Friday, February 29, 2008
Dodging the DVCS Trainwreak
So what happens when the darcs or mercurial project goes the way of CVS (that is: to bit-heaven)? How do you rescue your distributed repository from legacy-software-land?
Well, the Tailor project provides convertors between different repository formats, even some of the more obscure distributed VCSes. It seems to work in an all-at-once mode, rather than mirroring one live repository in other formats, but it does full history support, so...
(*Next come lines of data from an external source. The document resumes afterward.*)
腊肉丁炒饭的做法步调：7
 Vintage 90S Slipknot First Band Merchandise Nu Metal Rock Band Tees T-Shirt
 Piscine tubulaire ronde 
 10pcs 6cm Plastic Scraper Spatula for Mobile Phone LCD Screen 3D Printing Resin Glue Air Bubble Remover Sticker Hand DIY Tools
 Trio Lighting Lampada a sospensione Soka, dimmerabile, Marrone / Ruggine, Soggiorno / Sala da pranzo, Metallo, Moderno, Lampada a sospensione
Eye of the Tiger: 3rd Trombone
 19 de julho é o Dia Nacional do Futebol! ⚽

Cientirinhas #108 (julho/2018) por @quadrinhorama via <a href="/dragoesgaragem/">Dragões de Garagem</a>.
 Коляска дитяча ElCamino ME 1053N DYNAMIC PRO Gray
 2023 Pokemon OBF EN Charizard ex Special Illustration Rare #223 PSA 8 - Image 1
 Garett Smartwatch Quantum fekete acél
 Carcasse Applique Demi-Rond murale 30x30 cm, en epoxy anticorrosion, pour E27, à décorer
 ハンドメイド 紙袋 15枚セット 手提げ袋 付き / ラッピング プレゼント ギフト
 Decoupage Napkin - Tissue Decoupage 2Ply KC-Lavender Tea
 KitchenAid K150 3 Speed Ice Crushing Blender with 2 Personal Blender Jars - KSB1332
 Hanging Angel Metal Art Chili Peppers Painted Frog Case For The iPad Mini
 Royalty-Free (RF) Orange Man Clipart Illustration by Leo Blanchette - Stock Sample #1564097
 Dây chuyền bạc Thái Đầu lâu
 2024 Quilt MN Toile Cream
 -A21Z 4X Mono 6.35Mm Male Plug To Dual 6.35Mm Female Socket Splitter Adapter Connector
There's no harm in picking a bizarre distributed version control system today, if the project stalls, you can always upgrade your repository to whichever system becomes mainstream!
Wednesday, February 27, 2008
Atlhack distributed version control roundup
Alex writes about the advantages of git, Erik shows us how to configure git to serve over http, Lindsey is using darcs, Drew has been using mercurial for his personal projects (Miru, Yue), and I've been using darcs.